The law on delinquency is thus designed to bar juveniles from growing into adult criminals besides dealing with crimes committed by juveniles. Any concept that lacks a definite definition such as delinquency cannot be adequately measured. However, statistics on delinquency are compiled on local, state and national basis. When appraising the significance of such statistics, much care should be taken. Several things can be implied when referring to the quantity of delinquency in a particular area or in a given period of time. One may mean the number of juveniles; say ten to seventeen years of age, who have violated particular standards of behavior which also may not be precisely defined. Again, a reference may be made on the number of such youth who are detected in such behavior.

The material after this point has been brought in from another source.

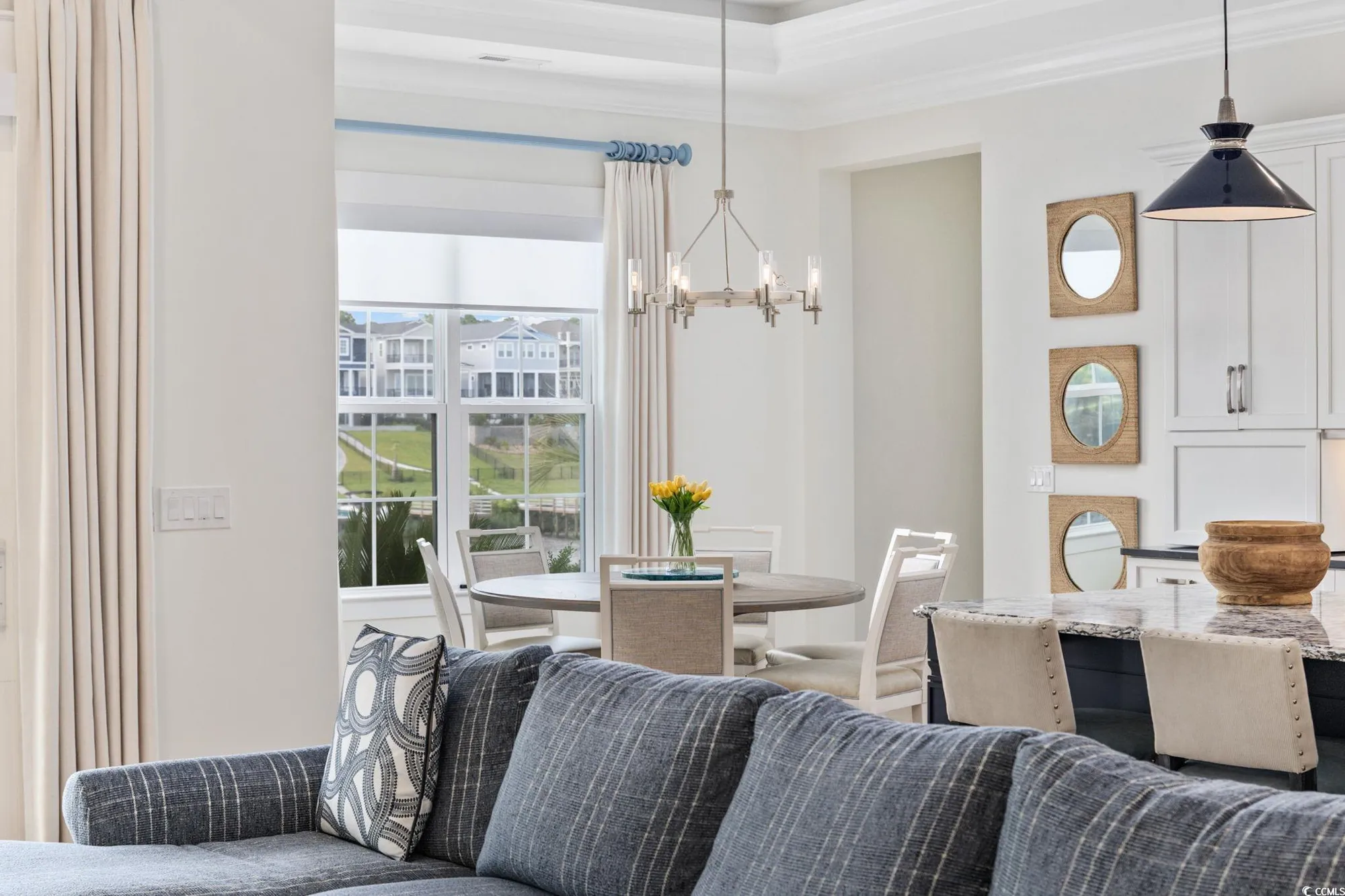 Property Slideshow image 9 of 40 | 6025 bolsena pl, Myrtle Beach, SC, 29577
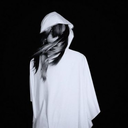 teenage--witchcraft avatar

It may also mean the number of cases that have been handled by the official agencies and finally, it may mean the cases that have been formally heard by a juvenile court and adjudged delinquent. In the United States, the most commonly cited statistics on delinquency refer to the court cases which is the narrowest category of delinquents. The Juvenile Court Statistics which is published yearly by the Children’s Bureau of the United States Department of Health, Education and Welfare contain these statistics. The compilation begun in 1923 and has undergone drastic alterations and revisions over the decades. It contains reports on the number of youth’s adjudicated delinquent and is founded on a tabulation of separate court judgments in a particular year.